It comes as no surprise then that only two in every five overseas Filipino workers (OFWs) are able to save from their cash remittances, according to government data, and of that number, six out of 10 migrant workers are only able to save less than 25 percent of the total amount received. Consequently, an average OFW would have to work abroad for close to 18.11 years, or 217 months, to be able to save P3 million and return to his family, based on a study commissioned by a private insurance company.
Money advisors all agree that if the OFW fails to save enough cash or to invest wisely, they will come home with hardly any assets. This is why financial literacy is crucial knowhow that all migrant workers should possess. Educating our OFWs on how to handle their finances will help them avoid the common money mistakes of migrant workers. And there are a lot of them.
First and foremost is the lack of financial goals. Most migrant workers do not plan ahead. A lot of OFWs believe they can keep working overseas forever. But overseas employment is temporary at best. A financial crisis, a sudden illness or an unfortunate accident can always cut short an OFW’s work abroad.
Another gaffe that many OFWs commit is overspending or over-remitting. Of course, there is nothing wrong with helping out your family financially. However, family members back home should not be too financially dependent on their OFW relative. But this might be a bit hard to overcome.
A study by the International Monetary Fund (IMF) revealed that many OFW families are refusing to work on their own and rely too much on remittances sent to them, with extended families like parents-in-law, brothers or sisters-in-law, cousins or even distant relatives expecting to be helped out by the family member working abroad.
The absence of an emergency fund is another money mistake of OFWs. Meager savings can be easily depleted when emergencies happen. Without an emergency fund, OFWs are obliged to borrow money from their friends or worse, take out loans at usurious rates.

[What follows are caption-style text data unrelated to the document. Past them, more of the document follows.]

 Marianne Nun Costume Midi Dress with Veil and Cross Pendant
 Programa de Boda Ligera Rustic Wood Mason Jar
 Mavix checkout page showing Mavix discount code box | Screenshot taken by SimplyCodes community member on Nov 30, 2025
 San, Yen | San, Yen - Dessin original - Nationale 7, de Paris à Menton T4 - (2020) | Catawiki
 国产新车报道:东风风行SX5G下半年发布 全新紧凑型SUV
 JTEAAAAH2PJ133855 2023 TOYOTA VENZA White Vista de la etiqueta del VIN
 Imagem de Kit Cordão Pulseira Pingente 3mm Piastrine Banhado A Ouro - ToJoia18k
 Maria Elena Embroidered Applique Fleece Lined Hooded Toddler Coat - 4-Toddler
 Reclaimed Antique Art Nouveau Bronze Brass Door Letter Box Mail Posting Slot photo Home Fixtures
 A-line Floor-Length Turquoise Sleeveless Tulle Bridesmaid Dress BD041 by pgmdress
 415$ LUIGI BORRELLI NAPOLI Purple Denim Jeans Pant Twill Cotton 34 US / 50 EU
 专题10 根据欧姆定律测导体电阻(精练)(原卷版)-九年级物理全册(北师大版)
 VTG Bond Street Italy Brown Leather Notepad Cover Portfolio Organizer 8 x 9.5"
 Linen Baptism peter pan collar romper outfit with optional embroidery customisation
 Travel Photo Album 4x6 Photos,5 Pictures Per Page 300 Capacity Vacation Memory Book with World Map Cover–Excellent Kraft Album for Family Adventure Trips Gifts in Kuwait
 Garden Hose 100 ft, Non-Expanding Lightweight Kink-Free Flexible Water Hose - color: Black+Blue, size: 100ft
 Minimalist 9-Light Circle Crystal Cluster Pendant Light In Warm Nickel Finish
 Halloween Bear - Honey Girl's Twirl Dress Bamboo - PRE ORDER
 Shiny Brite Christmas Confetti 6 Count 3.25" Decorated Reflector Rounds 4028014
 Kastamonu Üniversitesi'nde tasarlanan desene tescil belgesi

To prepare our OFWs for managing their finances while abroad, the pre-departure orientation seminars (PDOS) conducted by the Overseas Workers Welfare Administration incorporates topics on financial literacy. The agency’s regional offices also conduct regular financial literacy and values reorientation seminars for the families of OFWs in order to teach them how to handle and invest the money they receive from abroad.
OWWA will soon be rolling out a more comprehensive and enhanced financial literacy program so that our OFWs can acquire the skills needed to secure—and ensure—their family’s financial future.